An activist lawyer lists the origins of some offending mine
operators: “We got Russians, Ukrainians, Chinese, Indians,
Canadians, as well as the usual lineup of Wall Street
cowboys and local turncoats.”

 

Just as a former big boss of Big Coal faces criminal prosecution following the death of 29 Appalachian miners, a best-selling novel castigates the industry for its devastation of that region. On November 20 former Massey Energy CEO Don Blankenship pleaded not guilty to four charges resulting from the 2010 Upper Big Branch mine disaster in West Virginia. John Grisham’s 27th novel, Gray Mountain, portrays an industry that ruthlessly destroyed the environment as well as the health of workers, their families and anyone else living there, with the help of politicians, judges, regulators and even goon squads, both civilian and FBI.

The charges against Blankenship could almost come from Grisham’s book. Three other former Massey executives have already been convicted of criminal offences involving Upper Big Branch. Blankenship’s victory in a previous legal battle has been said to have provoked Grisham into writing The Appeal, an indictment of the American electoral and judicial systems.

Massey Energy’s Upper Big Branch workers “were intimidated,” Forbes quoted Mike Caputo, a West Virginia legislator and VP of the United Mine Workers of America. “Records were falsified. Advanced warnings of inspections were given. Two sets of books were kept. There was a lack of enforcement. The list goes on, and on, and on. The more I read about the Upper Big Branch tragedy, this wasn’t just bad business practice. This was akin to organized crime.”

But while it was a methane gas explosion that killed the 29 underground miners, Grisham’s latest book, set in 2008 and 2009, focuses on mountain-top removal. Described as “strip mining on steroids,” the practice destroyed about 600 of the region’s mountains over 30 years, according to Grisham. Gray Mountain by John Grisham

The company “literally attacks the mountain with all manner of heavy equipment,” the story’s activist lawyer Donovan Gray tells newcomer Samantha Kofer. “First it clearcuts the trees, total deforestation with no effort at saving the hardwoods. They are bulldozed away as the earth is scalped. Same for the topsoil, which is not very thick. Next comes the layer of rock, which is blasted out of the ground. The trees, topsoil and rock are often shoved into the valleys between the mountains, creating what’s known as valley fills. These wipe out vegetation, wildlife and natural streams…. If you’re downstream, you’re just screwed. As you’ll learn around here, we’re all downstream.”

Samantha, whose promising career in corporate law ended abruptly with the Lehman Brothers-induced recession, takes an unpaid internship at a Virginia legal aid clinic/social services agency. There she encounters a world of Big Coal-induced woe.

Reckless practices send boulders flying toward family homes.
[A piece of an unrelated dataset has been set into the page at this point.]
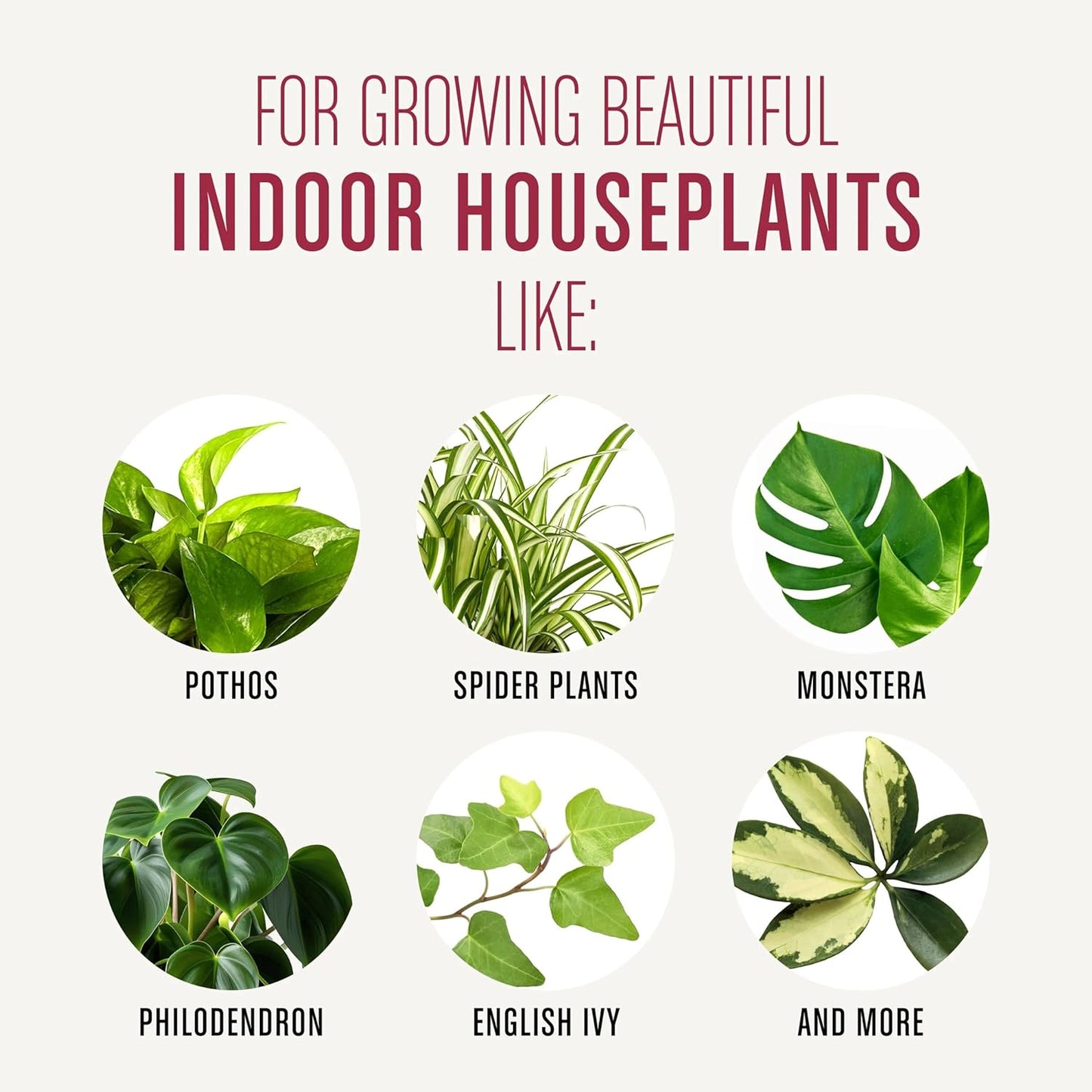 Houseplant Potting Mix: Fertilized, Perlite Soil for Indoor Gardening, Designed to Be Less Prone to Gnats, 4 qt.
Contaminated drinking water turns communities into “cancer clusters.” Overloaded, speeding coal trucks in West Virginia alone kill one person a week. Excessive exposure to coal dust gives miners a wasting disease called black lung. Coal companies deprive dying workers of compensation.

Fighting back are Donovan and his lawyer aunt, Mattie Wyatt, who both had parents screwed over by coal companies.

Big Coal’s regime gets support from cosy regulators and watchdogs, elected judges who depend on campaign contributions, politicians who legislate favours for the industry, doctors who lie under oath and lawyers who cover up medical evidence. The FBI uses legal intimidation. Illegal intimidation comes from the companies’ armed thugs who, it’s suggested, will murder their opponents.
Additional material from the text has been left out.